── Records for the task

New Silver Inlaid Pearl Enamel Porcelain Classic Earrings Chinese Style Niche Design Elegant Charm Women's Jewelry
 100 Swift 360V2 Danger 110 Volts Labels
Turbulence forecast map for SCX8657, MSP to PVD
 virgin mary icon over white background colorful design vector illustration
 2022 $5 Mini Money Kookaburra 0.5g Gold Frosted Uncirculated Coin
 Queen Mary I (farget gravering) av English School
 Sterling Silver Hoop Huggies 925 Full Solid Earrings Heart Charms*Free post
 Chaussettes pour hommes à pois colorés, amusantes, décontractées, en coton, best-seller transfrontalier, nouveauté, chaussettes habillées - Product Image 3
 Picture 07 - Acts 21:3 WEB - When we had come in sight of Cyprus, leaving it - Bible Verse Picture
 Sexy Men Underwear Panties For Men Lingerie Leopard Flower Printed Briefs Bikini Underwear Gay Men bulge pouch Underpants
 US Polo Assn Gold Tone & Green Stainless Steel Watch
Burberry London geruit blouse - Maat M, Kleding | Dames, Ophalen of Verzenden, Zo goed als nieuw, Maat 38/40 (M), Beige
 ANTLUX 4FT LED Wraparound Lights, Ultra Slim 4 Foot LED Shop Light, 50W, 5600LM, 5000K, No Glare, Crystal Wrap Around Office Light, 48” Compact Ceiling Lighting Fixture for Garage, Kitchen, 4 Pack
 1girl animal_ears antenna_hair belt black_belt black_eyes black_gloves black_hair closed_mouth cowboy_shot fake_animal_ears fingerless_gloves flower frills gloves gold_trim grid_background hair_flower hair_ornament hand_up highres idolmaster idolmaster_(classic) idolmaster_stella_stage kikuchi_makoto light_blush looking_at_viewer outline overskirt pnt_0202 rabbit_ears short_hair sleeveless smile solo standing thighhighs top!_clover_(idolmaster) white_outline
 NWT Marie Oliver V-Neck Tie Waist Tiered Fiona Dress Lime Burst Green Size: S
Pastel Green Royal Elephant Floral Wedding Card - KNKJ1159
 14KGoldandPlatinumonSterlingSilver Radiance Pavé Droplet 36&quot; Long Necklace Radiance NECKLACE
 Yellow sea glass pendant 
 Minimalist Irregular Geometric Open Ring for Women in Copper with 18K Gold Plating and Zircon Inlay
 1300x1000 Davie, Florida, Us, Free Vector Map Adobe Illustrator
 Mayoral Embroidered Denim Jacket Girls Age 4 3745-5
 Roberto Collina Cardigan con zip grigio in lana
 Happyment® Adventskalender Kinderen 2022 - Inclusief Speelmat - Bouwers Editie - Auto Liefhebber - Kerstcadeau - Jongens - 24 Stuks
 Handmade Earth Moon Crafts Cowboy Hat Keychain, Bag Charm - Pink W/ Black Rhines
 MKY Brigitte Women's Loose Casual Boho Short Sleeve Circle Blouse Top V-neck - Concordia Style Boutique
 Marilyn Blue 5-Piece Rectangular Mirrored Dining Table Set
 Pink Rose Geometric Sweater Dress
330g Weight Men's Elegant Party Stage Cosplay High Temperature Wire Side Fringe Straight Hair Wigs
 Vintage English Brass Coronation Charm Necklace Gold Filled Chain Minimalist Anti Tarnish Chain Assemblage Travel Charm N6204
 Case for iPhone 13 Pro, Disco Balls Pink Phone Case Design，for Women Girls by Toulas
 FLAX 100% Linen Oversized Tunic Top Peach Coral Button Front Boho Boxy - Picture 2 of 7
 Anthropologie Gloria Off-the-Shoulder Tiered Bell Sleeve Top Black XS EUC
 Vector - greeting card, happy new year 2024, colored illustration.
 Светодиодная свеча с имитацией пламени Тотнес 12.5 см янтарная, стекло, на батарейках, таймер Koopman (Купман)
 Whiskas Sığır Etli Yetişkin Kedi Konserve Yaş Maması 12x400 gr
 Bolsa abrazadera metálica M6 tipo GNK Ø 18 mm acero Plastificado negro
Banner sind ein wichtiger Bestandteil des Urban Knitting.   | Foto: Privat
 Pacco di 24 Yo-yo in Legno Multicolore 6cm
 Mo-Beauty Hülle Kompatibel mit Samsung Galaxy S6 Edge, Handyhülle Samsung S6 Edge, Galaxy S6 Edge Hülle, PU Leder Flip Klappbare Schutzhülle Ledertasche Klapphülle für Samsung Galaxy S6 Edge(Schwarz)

────

» The task: Output the records again in full. Keep every character as written.

» Written answer:
New Silver Inlaid Pearl Enamel Porcelain Classic Earrings Chinese Style Niche Design Elegant Charm Women's Jewelry
 100 Swift 360V2 Danger 110 Volts Labels
Turbulence forecast map for SCX8657, MSP to PVD
 virgin mary icon over white background colorful design vector illustration
 2022 $5 Mini Money Kookaburra 0.5g Gold Frosted Uncirculated Coin
 Queen Mary I (farget gravering) av English School
 Sterling Silver Hoop Huggies 925 Full Solid Earrings Heart Charms*Free post
 Chaussettes pour hommes à pois colorés, amusantes, décontractées, en coton, best-seller transfrontalier, nouveauté, chaussettes habillées - Product Image 3
 Picture 07 - Acts 21:3 WEB - When we had come in sight of Cyprus, leaving it - Bible Verse Picture
 Sexy Men Underwear Panties For Men Lingerie Leopard Flower Printed Briefs Bikini Underwear Gay Men bulge pouch Underpants
 US Polo Assn Gold Tone & Green Stainless Steel Watch
Burberry London geruit blouse - Maat M, Kleding | Dames, Ophalen of Verzenden, Zo goed als nieuw, Maat 38/40 (M), Beige
 ANTLUX 4FT LED Wraparound Lights, Ultra Slim 4 Foot LED Shop Light, 50W, 5600LM, 5000K, No Glare, Crystal Wrap Around Office Light, 48” Compact Ceiling Lighting Fixture for Garage, Kitchen, 4 Pack
 1girl animal_ears antenna_hair belt black_belt black_eyes black_gloves black_hair closed_mouth cowboy_shot fake_animal_ears fingerless_gloves flower frills gloves gold_trim grid_background hair_flower hair_ornament hand_up highres idolmaster idolmaster_(classic) idolmaster_stella_stage kikuchi_makoto light_blush looking_at_viewer outline overskirt pnt_0202 rabbit_ears short_hair sleeveless smile solo standing thighhighs top!_clover_(idolmaster) white_outline
 NWT Marie Oliver V-Neck Tie Waist Tiered Fiona Dress Lime Burst Green Size: S
Pastel Green Royal Elephant Floral Wedding Card - KNKJ1159
 14KGoldandPlatinumonSterlingSilver Radiance Pavé Droplet 36&quot; Long Necklace Radiance NECKLACE
 Yellow sea glass pendant 
 Minimalist Irregular Geometric Open Ring for Women in Copper with 18K Gold Plating and Zircon Inlay
 1300x1000 Davie, Florida, Us, Free Vector Map Adobe Illustrator
 Mayoral Embroidered Denim Jacket Girls Age 4 3745-5
 Roberto Collina Cardigan con zip grigio in lana
 Happyment® Adventskalender Kinderen 2022 - Inclusief Speelmat - Bouwers Editie - Auto Liefhebber - Kerstcadeau - Jongens - 24 Stuks
 Handmade Earth Moon Crafts Cowboy Hat Keychain, Bag Charm - Pink W/ Black Rhines
 MKY Brigitte Women's Loose Casual Boho Short Sleeve Circle Blouse Top V-neck - Concordia Style Boutique
 Marilyn Blue 5-Piece Rectangular Mirrored Dining Table Set
 Pink Rose Geometric Sweater Dress
330g Weight Men's Elegant Party Stage Cosplay High Temperature Wire Side Fringe Straight Hair Wigs
 Vintage English Brass Coronation Charm Necklace Gold Filled Chain Minimalist Anti Tarnish Chain Assemblage Travel Charm N6204
 Case for iPhone 13 Pro, Disco Balls Pink Phone Case Design，for Women Girls by Toulas
 FLAX 100% Linen Oversized Tunic Top Peach Coral Button Front Boho Boxy - Picture 2 of 7
 Anthropologie Gloria Off-the-Shoulder Tiered Bell Sleeve Top Black XS EUC
 Vector - greeting card, happy new year 2024, colored illustration.
 Светодиодная свеча с имитацией пламени Тотнес 12.5 см янтарная, стекло, на батарейках, таймер Koopman (Купман)
 Whiskas Sığır Etli Yetişkin Kedi Konserve Yaş Maması 12x400 gr
 Bolsa abrazadera metálica M6 tipo GNK Ø 18 mm acero Plastificado negro
Banner sind ein wichtiger Bestandteil des Urban Knitting.   | Foto: Privat
 Pacco di 24 Yo-yo in Legno Multicolore 6cm
 Mo-Beauty Hülle Kompatibel mit Samsung Galaxy S6 Edge, Handyhülle Samsung S6 Edge, Galaxy S6 Edge Hülle, PU Leder Flip Klappbare Schutzhülle Ledertasche Klapphülle für Samsung Galaxy S6 Edge(Schwarz)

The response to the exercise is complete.